On Fri, 06 Jan 2012 09:08:19 -0600
Anthony Liguori <anthony(a)codemonkey.ws> wrote:
On 01/06/2012 06:45 AM, Luiz Capitulino wrote:
> On Fri, 6 Jan 2012 11:06:12 +0000
> Stefan Hajnoczi<stefanha(a)gmail.com> wrote:
>
>> Proper async support - if you mean the ability to have multiple QMP
>> commands pending at a time - is harder than just fixing QEMU. Clients
>> also need to start taking advantage of it. Clients that do not will
>> be unable to continue when a QMP command takes a long time to
>> complete.
>
> They can be fixed if we offer proper async support. Today they can't.
>
>> I think avoiding long-running QMP commands is a good idea. We have
>> events which can be used to signal completion. It's easy to implement
>> and does not require clients to change the way they think about QMP
>> commands.
>
> I agree in principle, but in practice we risk having different subsystems
> and different commands introducing their own async support which is going
> to make our API (which is already far from perfect) impossible to use,
> not to mention the maintainability hell that will arise from it.

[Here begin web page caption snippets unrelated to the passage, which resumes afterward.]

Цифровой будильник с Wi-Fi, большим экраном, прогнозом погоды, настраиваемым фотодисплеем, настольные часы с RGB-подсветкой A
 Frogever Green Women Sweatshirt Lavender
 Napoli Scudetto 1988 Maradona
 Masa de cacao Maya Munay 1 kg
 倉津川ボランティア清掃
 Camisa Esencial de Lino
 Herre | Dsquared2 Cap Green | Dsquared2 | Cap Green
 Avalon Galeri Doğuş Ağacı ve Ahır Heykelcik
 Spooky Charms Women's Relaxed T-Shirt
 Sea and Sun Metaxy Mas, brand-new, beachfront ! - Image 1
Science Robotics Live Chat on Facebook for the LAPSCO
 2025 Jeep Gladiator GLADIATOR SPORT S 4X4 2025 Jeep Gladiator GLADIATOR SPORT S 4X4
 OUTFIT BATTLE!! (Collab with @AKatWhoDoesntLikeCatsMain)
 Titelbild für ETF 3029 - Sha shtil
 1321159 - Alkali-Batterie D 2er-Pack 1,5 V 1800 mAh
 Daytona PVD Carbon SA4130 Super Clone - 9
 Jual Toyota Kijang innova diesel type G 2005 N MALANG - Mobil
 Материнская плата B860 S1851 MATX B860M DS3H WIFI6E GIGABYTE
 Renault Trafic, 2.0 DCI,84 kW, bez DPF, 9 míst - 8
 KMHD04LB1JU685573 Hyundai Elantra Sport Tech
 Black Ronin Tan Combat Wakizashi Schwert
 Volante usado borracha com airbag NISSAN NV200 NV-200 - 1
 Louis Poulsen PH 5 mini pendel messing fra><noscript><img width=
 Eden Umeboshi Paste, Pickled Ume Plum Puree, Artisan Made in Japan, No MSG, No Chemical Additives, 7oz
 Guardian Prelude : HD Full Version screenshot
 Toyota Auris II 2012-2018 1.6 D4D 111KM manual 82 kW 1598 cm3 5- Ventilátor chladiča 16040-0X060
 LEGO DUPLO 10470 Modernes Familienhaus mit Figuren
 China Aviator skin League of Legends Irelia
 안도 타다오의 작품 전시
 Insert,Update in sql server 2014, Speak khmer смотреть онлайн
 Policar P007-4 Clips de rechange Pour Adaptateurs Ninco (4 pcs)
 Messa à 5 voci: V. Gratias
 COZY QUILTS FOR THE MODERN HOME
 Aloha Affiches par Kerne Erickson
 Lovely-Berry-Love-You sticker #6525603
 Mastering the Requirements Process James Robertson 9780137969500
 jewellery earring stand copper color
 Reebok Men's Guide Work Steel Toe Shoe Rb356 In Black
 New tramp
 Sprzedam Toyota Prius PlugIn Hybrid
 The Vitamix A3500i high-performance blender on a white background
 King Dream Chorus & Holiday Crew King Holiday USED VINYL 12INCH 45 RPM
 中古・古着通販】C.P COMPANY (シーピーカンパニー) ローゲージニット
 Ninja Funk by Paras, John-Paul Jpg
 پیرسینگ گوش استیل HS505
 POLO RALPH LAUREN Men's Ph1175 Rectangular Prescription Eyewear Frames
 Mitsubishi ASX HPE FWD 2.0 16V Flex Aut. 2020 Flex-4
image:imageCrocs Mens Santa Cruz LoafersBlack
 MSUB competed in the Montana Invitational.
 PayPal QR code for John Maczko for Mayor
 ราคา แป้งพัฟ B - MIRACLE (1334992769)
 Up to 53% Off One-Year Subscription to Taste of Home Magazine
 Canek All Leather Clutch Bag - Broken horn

I absolutely agree with you but practically speaking, we don't have generic
async support today.
It's been my experience that holding up patch series for generic infrastructure
that does exist 1) causes unnecessary angst in contributors 2) puts pressure on
the infrastructure to get something in fast vs. get something in that's good.
And honestly, it's (2) that I worry the most about. I don't want us to rush
async support because we're eager to get block streaming merged. This is why
I'm not holding any new devices back while we get QOM merged even if it creates
more work for me and introduces new compatibility problems to solve.
I agree.
We also need to look at this interface as a public interface whether
we
technically committed it to or not. The fact is, an important user is relying
upon so that makes it a supported interface. Even though I absolutely hate it,
this is why we haven't changed the help output even after all of these years.
Not breaking users should be one of our highest priorities.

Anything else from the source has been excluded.